A project by Robyn Houghton (B.Arch. '18) and Dana Muhsen (M.Arch.II '18) placed third in the Seventh Advanced Architecture Responsive Cities Competition. Second Nature addressed urban air pollution by creating a responsive air purification system. The project was completed for the Breathing Architectures option studio taught by fall 2017 Gensler Visiting Critic Shawn Rickenbacker.

Gökhan Kodalak Ph.D. HAUD '19) authored a chapter for a new book titled Spinoza's Philosophy of Ratio (Edinburgh University Press, 2018). Kodalak's chapter, "Spinoza, Heterarchical Ontology, and Affective Architecture," examines latent potencies and far-reaching implications that underlie a missed encounter between Spinoza's philosophy and architecture.

Anna Mascorella (Ph.D. HAUD '19) received three grants to support her dissertation research in Rome during the spring semester, including a 2018 Dissertation Research Grant from the Italian Art Society; a 2018–19 Timothy Murray Graduate Travel Grant from Cornell's Society for the Humanities; and a Research Travel Grant from Cornell University Graduate School. Mascorella's dissertation, "Restore, Displace, Appropriate: Negotiating the Baroque Legacy in Fascist Rome," focuses on the redesign of Rome that was initiated by Italy's National Fascist Party in the 1920s.

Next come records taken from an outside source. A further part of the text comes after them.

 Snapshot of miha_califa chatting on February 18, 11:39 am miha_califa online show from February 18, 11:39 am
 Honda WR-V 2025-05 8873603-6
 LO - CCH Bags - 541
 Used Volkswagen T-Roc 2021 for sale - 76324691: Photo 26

Papers drawn from the dissertation of Elizabeth Muller (Ph.D. HAUD '18) were presented at three academic conferences during the spring semester. Muller's dissertation investigates nonfiction film as a mode of analysis of the built environment at the turn of the 20th century in the U.S. She presented "Media and Modularity: Photography, Film, and the Standardization of Modern Building" at the College Art Association annual conference in Los Angeles; "Seriality and the City: Early Actualities and the Construction of Urban Spatial Narratives" at the Society for Cinema and Media Studies annual conference in Toronto, Canada; and "Beyond Anonymous History: New Narratives of Technology and Media" at the Society of Architectural Historians annual conference in Saint Paul, Minnesota.

Laura Stargala (M.Arch '20) won the Allwork Women's Auxiliary Eleanor Scholarship from the Center for Architecture commission. The merit-based scholarship supports architecture students with demonstrated financial need. Stargala was nominated by Kent Kleinman, former Gale and Ira Drukier Dean of AAP. Each of the five 2018 Allwork recipients received an award of $7,500.

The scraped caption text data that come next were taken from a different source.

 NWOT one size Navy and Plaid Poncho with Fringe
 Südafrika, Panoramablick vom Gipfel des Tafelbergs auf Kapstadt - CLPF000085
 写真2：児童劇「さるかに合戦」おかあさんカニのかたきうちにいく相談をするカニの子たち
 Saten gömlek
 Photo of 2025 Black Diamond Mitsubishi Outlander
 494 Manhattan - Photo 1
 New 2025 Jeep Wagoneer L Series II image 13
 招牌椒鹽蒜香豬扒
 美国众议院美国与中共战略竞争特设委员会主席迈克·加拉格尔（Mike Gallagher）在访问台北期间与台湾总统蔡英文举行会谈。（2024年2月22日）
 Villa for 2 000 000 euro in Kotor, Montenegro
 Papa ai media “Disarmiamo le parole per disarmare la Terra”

The architecture platform KooZA/rch featured work by two students in the spring semester. In February, Warisara Sudswong's (M.Arch. '17) thesis Alien Interfaces: Exploring a World Beyond Reality was highlighted. The project "looked through the eyes of extra-terrestrial perception and alien types of vision as a way to develop a working methodology that challenges drawing the unknown." Lucy Yu's (B.Arch. '19) project A World with No Work — a reimagination of the Park Slope neighborhood of Brooklyn, New York — was featured in June. During her research, Yu interviewed friends and family "about what they would do if they weren't financially obligated to work, and ironically the response was: they would still work."